To explore the efficacy of a prediction model based on diffusion-weighted imaging (DWI) features extracted from deep learning (DL) and radiomics combined with clinical parameters and apparent diffusion coefficient (ADC) values to identify microsatellite instability (MSI) in endometrial cancer (EC).
This study included a cohort of 116 patients with EC, who were subsequently divided into training (n = 81) and test (n = 35) sets. From DWI, conventional radiomics features and convolutional neural network-based DL features were extracted. Random forest (RF) and logistic regression were adopted as classifiers. DL features, radiomics features, clinical variables, ADC values, and their combinations were applied to establish DL, radiomics, clinical, ADC, and combined models, respectively.
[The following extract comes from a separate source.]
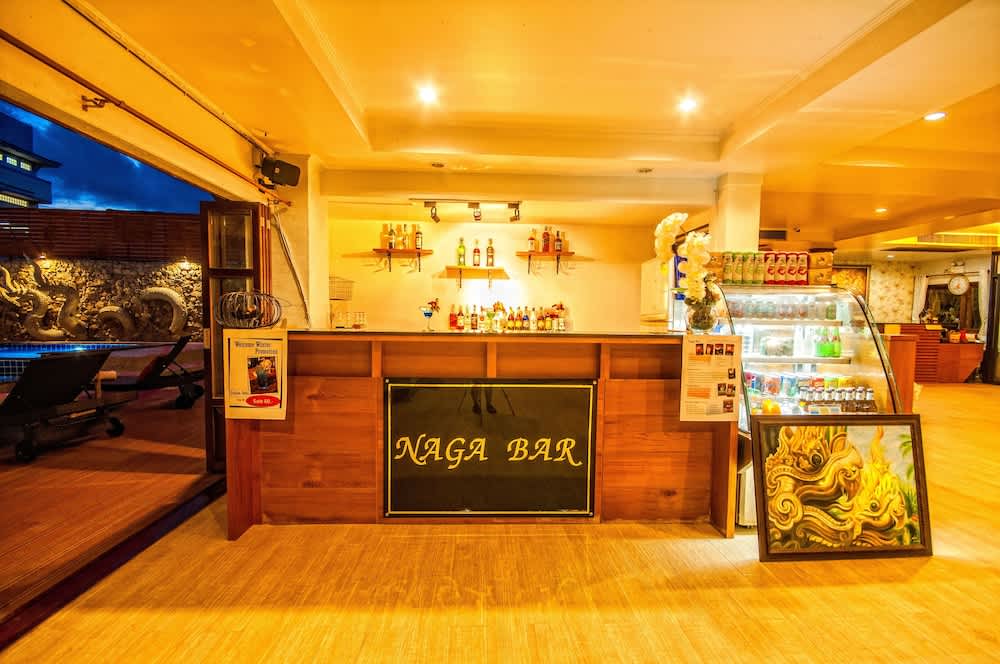 Nak Nakara Hotel 2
The predictive performance was evaluated through the area under the receiver operating characteristic curve (AUC), total integrated discrimination index (IDI), net reclassification index (NRI), calibration curves, and decision curve analysis (DCA).
The optimal predictive model, based on an RF classifier, comprised four DL features, three radiomics features, two clinical variables, and an ADC value. In the training and test sets, this model exhibited AUC values of 0.989 (95% CI: 0.935-1.000) and 0.885 (95% CI: 0.731-0.967), respectively, demonstrating different degrees of improvement compared with the clinical, DL, radiomics, and ADC models (AUC-training = 0.671, 0.873, 0.833, and 0.814, AUC-test = 0.685, 0.783, 0.708, and 0.713, respectively). The NRI and IDI analyses revealed that the combined model resulted in improved risk reclassification of the MSI status compared to the clinical, radiomics, DL, and ADC models. The calibration curves and DCA indicated good consistency and clinical utility of this model, respectively.
The predictive model based on DWI features extracted from DL and radiomics combined with clinical parameters and ADC values could effectively assess the MSI status in EC.
探讨基于深度学习(DL)提取的扩散加权成像(DWI)特征与放射组学以及临床参数和表观扩散系数(ADC)值相结合的预测模型在识别子宫内膜癌(EC)中微卫星不稳定性(MSI)中的疗效。
本研究纳入了 116 例 EC 患者,随后将其分为训练集(n=81)和测试集(n=35)。从 DWI、常规放射组学特征和基于卷积神经网络的 DL 特征中提取信息。采用随机森林(RF)和逻辑回归作为分类器。分别应用 DL 特征、放射组学特征、临床变量、ADC 值及其组合来建立 DL、放射组学、临床、ADC 和联合模型,通过接受者操作特征曲线(ROC)下面积(AUC)、总综合判别指数(IDI)、净重新分类指数(NRI)、校准曲线和决策曲线分析(DCA)评估预测性能。
基于 RF 分类器的最优预测模型包括 4 个 DL 特征、3 个放射组学特征、2 个临床变量和 1 个 ADC 值。在训练和测试集中,该模型的 AUC 值分别为 0.989(95%CI:0.935-1.000)和 0.885(95%CI:0.731-0.967),与临床、DL、放射组学和 ADC 模型相比,均有不同程度的提高(AUC-训练=0.671、0.873、0.833 和 0.814,AUC-测试=0.685、0.783、0.708 和 0.713)。NRI 和 IDI 分析表明,与临床、放射组学、DL 和 ADC 模型相比,联合模型对 MSI 状态的风险再分类有了改善。校准曲线和 DCA 分别表明了该模型的良好一致性和临床实用性。
基于 DL 和放射组学提取的 DWI 特征与临床参数和 ADC 值相结合的预测模型可有效评估 EC 中的 MSI 状态。